Review Summary: Despite lifting much of its sound from last year's Sempiternal, Restoring Force is a competent and varied radio rock/hardcore album worth at least a couple spins.
Of Mice & Men is best known as the spawn of Austin Carlile, ex-Attack Attack! vocalist and current Oli Sykes impersonator, and Rise Records. He brought the hardcore elements of his previous band over to the new project, stripped them of all of traces of cheesy synths, found someone with actual talent to sing the choruses, and managed to release a serviceable crowd-pleasing pop-hardcore album. There was some turbulence in the lineup after that, including a period where Austin left the band and was replaced with current Glass Cloud vocalist Jerry Rouche (his only recording with the band was a cover of ***ing "Blame It" of all things), but eventually he returned to the band with guitarist Alan Ashby and put out "The Flood", which essentially continued the direction they had pursued with the first album, albeit with much more atmosphere and variety. They were at an artistic high, until the departure of aforementioned clean vocalist Shayley Bourget.
It's unsurprising that a band that was essentially the creation of a record label would change sounds at the drop of a hat, but given the consistency between the first two albums, it was a bit of a jolt when the bonus disc of new songs accompanying the rerelease of The Flood sounded exactly like a worse version of BMTH's latest album at the time, "Really Pretentiously Long Title I'm Too Lazy To Remember". The world kind of lost interest in the band for a while, even amidst the interesting announcement of Jamie's Elsewhere vocalist Aaron Pauley as the band's new clean singer, as what Shayley was doing with his new project sounded far more interesting and had much more press than what OM&M was inevitably working on. Fast forward to now, almost three years after their last album, and we finally have the result of the new formula. It's a small miracle, but Restoring Force manages to be a catchy radio rock album that's much better when it's using the songwriting talents of Aaron and guitarist Alan Ashby and not relying on tired screaming from Austin.
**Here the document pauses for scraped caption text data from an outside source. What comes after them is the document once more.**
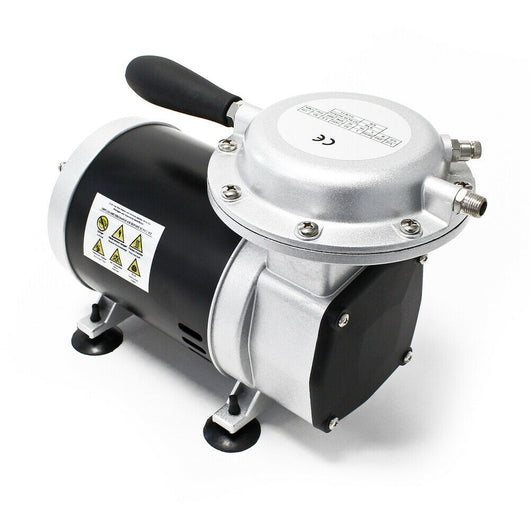 Pompa per vuoto pompa per vuoto 128-135 litri al minuto 16_0001485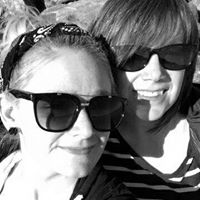 Traci Ryan Photo 13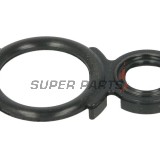 Στεγανοποίηση μπουζί -ATHENA- S410250021083, Kawasaki ZX-9R 900 1998-2001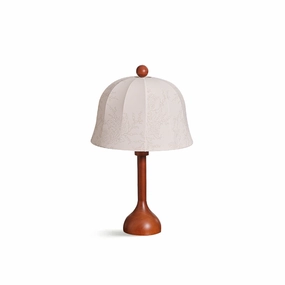 Malcolm Table Lamp weatherproof outdoor lamp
The album hits its high points early, with the classic OM&M sounding opener "Public Service Announcement" and the two most single ready songs here, "Feels Like Forever" and "Would You Still Be There", which sound more like Three Days Grace than anything from the band's back catalog. The change, scary as it may sound, results in some great and hard hitting choruses and riffs, the likes of which radio rock hasn't seen for a long time. "Bones Exposed" and "Glass Hearts" strongly evoke modern era Bring Me The Horizon, with similar production further highlighting the comparison. The verses are standard hardcore fare, but the choruses are expertly sung by Aaron (although you can detect more than a hint of pitch correction). And "Another You" is perhaps the most radio friendly track on the album. The back half of the album suffers heavily in memorability, but it's certainly fun while it's playing, and the closing track "Space Enough To Grow" is ethereal and well placed as a closer.
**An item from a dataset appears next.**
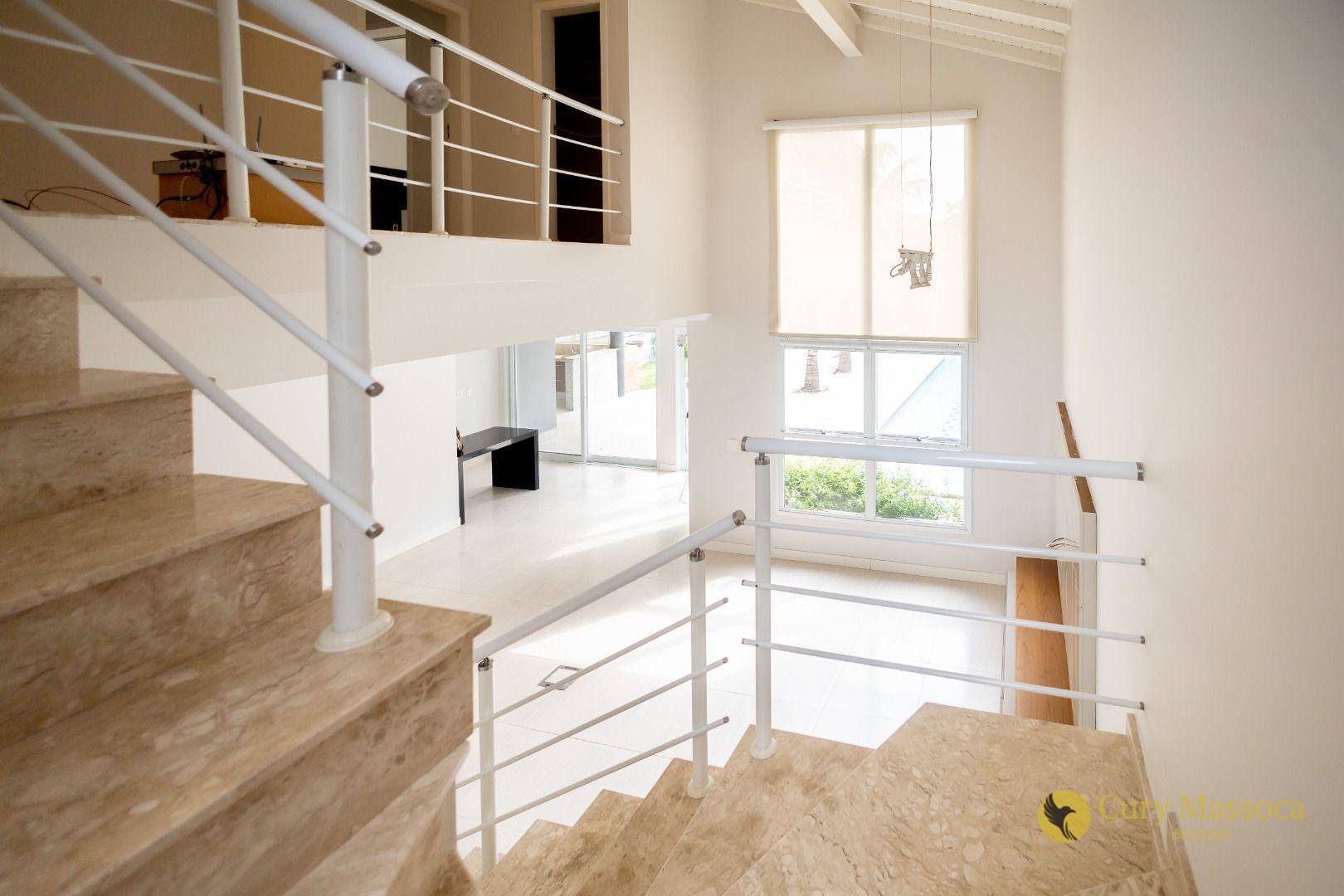 Casa à venda com 4 quartos, 268m² - Foto 30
Perhaps the biggest flaw in Restoring Force is lasting appeal. It's fun enough to be captivating while it's playing, and it's catchy enough to stay in your head for a few days. But this one doesn't do enough different to deserve to stay on your musical radar for very long at all. The heavy elements aren't well done enough to do much more than make you wish you were listening to similar bands that pull it off much better. The radio rock parts are great, to the point where some of these songs might get well deserved major airplay on big stations if Rise plays its cards right (larger question - is traditional radio even relevant anymore?), and they're well placed as the focus of the album, but there's not quite enough of it to balance out the blander, forced hardcore side. Still though, it's an admirable thing to take steps towards a new sound with a market as guaranteed as this band has, and Restoring Force proves that Of Mice & Men can be good at radio rock if they try.